La donna era riuscita a raccontare dove abitavano: in un tunnel fatto di cilindri di cemento lasciati lí da chi forse voleva costruire un acquedotto ed oggi riparo per un popolo di disperati, quelli che non riescono neanche a mettere insieme abbastanza soldi per affittarsi una baracca a Waf Jeremie. Si perchè da noi le baracche si affittano.: è un business, chi può “investe” in lamiere di zinco e le mette insieme a formare un cubetto di tre, quattro metri quadrati e voilà la casa è fatta. 1.000, 2.000 fino a 5.000 gourdes di affitto al mese.

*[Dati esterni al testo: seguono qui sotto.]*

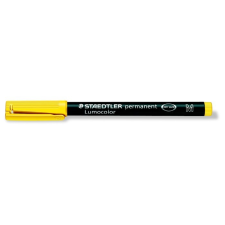 STAEDTLER Alkoholos marker, OHP, 1 mm, STAEDTLER "Lumocolor 317 M", sárga filctoll, marker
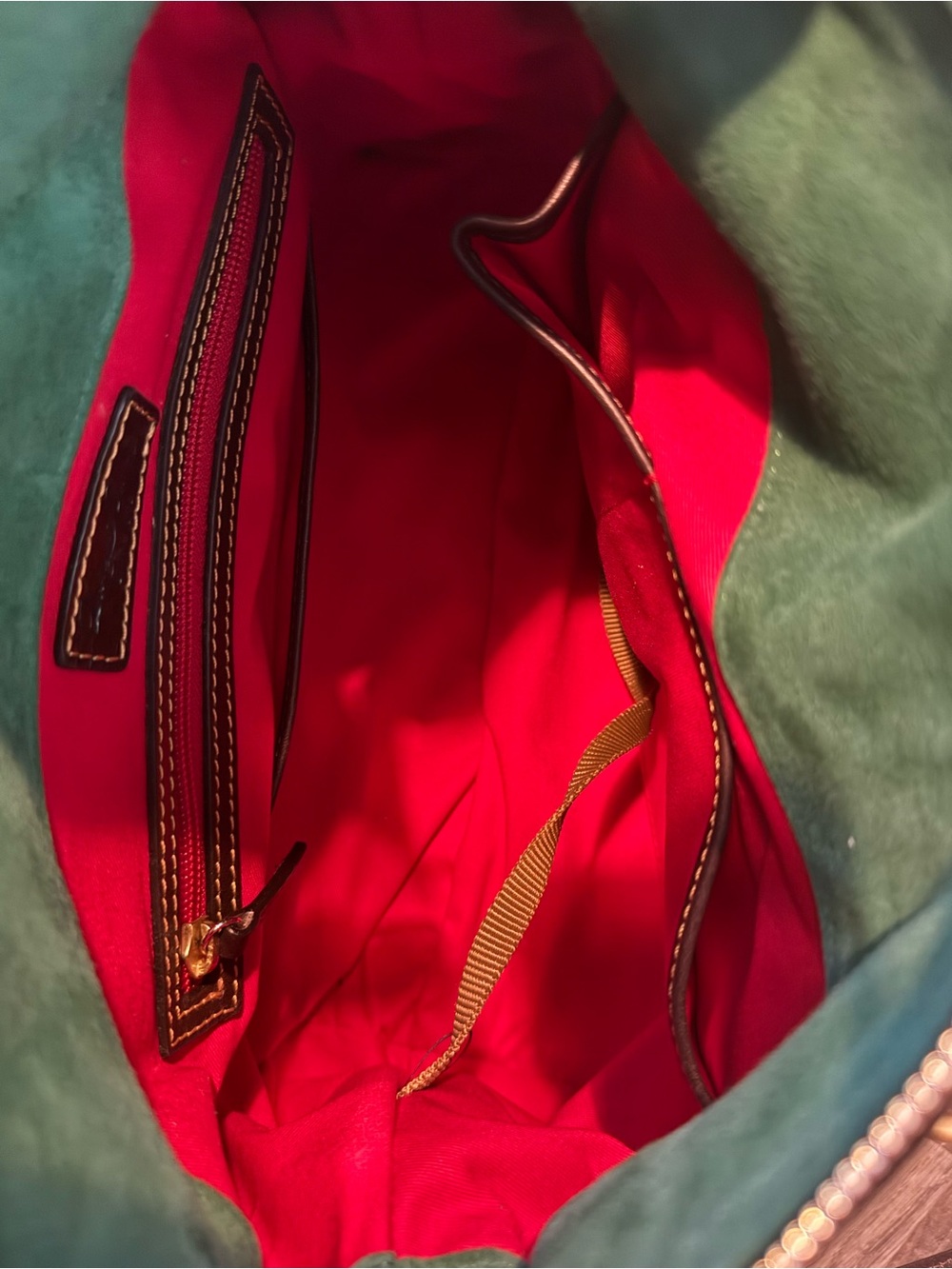 Dooney & Bourke Florentine brown Leather Satchel with Gold Hardware - Picture 4 of 6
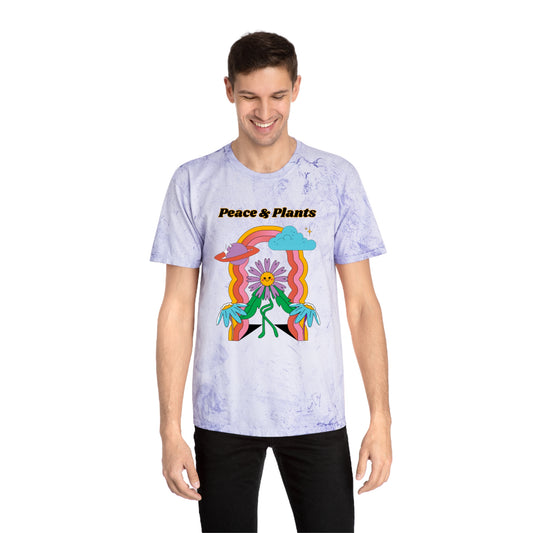 Peace & Plants Color Blast T-Shirt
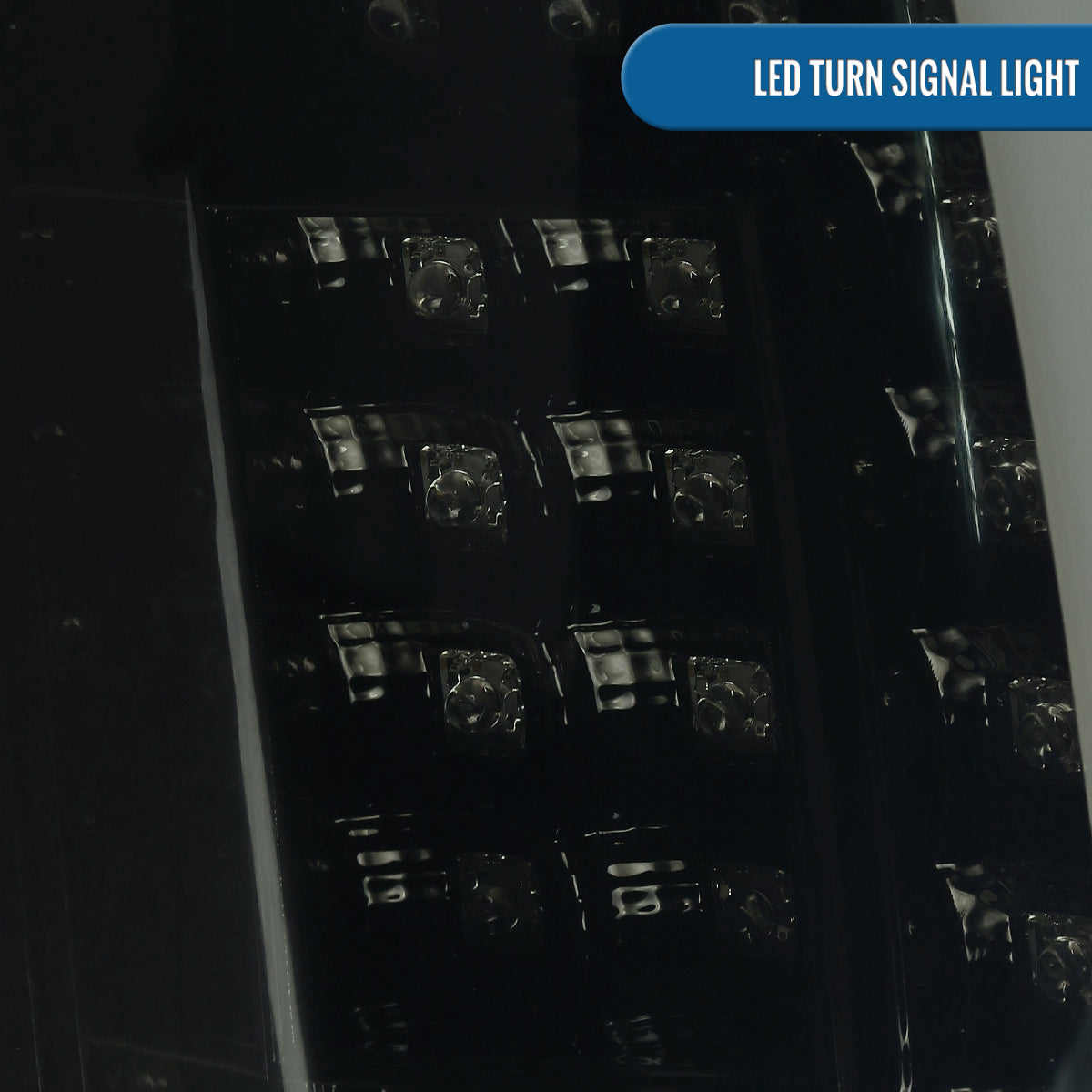 Ronnin - Fits 2000-2006 Chevy Suburban Tahoe GMC Yukon XL Denali Full LED Tail Lights Assembly Pair | Black Smoke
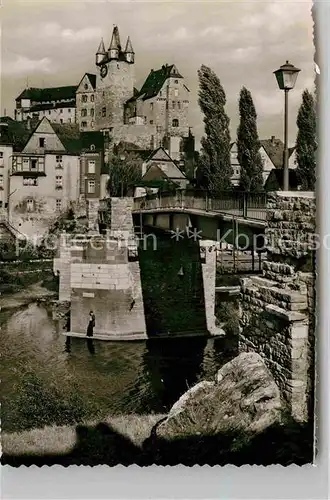 AK / Ansichtskarte Diez Lahn Alte Lahnbruecke Schloss Kat. Diez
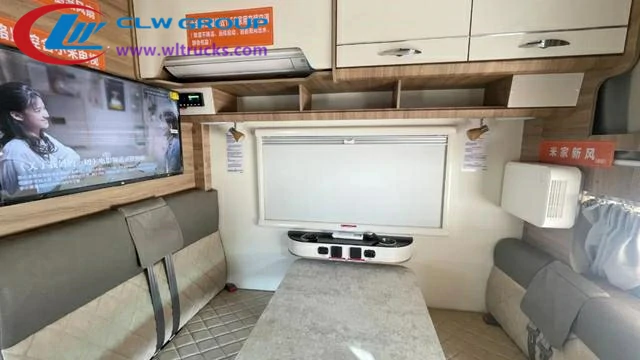 ISUZU NPR caravan TV and entertainment system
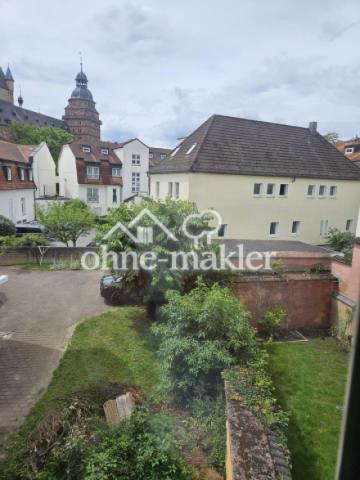 Blick vom Balkon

Ma Dafnè questi soldi non ce li aveva. Da quando le “chimeres”, le bande armate che terrorizzano questi nostri quartieri avevano ucciso suo marito pochi mesi fa lei era rimasta senza possibilità di pagare l’affitto e con il suo bambino si era spostata nel “tunnel di san Joseph” come lo chiamano perchè proprio accanto alla parrocchia dedicata appunto al papà per eccellenza.

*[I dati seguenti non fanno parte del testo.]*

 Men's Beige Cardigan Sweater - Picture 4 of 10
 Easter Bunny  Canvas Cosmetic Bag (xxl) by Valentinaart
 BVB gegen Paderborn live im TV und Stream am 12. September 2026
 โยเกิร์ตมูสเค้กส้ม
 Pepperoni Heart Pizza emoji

Un tunnel spesso allagato per l’acqua piovana, un tunnel malsano dove il più violento la fa da padrone, un tunnel dove i miseri più miseri trovano riparo nella notte o durante la calura del giorno. Quando siamo andati a vedere non siamo potuti entrare in questo tunnel perchè allagato: topi, scarafaggi, maiali sguazzavano beati e incuranti della nostra presenza.

Io inorridivo.

E Donaldson era entrato in casa, in silenzio, piccolo compagno di strada donato per poche settimane. Con Andrea e Clotilde che dall’Italia ci seguiva lo avevamo curato, sperando di aiutarlo a vivere. Poi la visita in ospedale per verificare lo stato di salute, il ricovero ed il lento declino. Prima intubato, poi legato ad una sacca di sangue  per le trasfusioni. Una lotta. Una lotta in cui noi potevamo solo chiedere che ciò per cui Donaldson era venuto al mondo si compisse.

E ieri mattina alle cinque tutto si è compiuto ed un altro dei nostri piccoli ha lasciato la kay, in silenzio cosí come vi era entrato ed in cielo adesso  capirà perchè il suo cammino è stato cosí breve e perchè sia stato chiamato ad una sofferenza tanto grande.

Per noi che restiamo la sua morte non è un’obiezione, ma una conferma che l’uomo è fatto per la vita, per quella eterna, è fatto per un “per sempre” che ci prende all’improvviso e compie il nostro Destino. Vale la pena vivere perchè vale la pena morire: il resto è solo un cammino.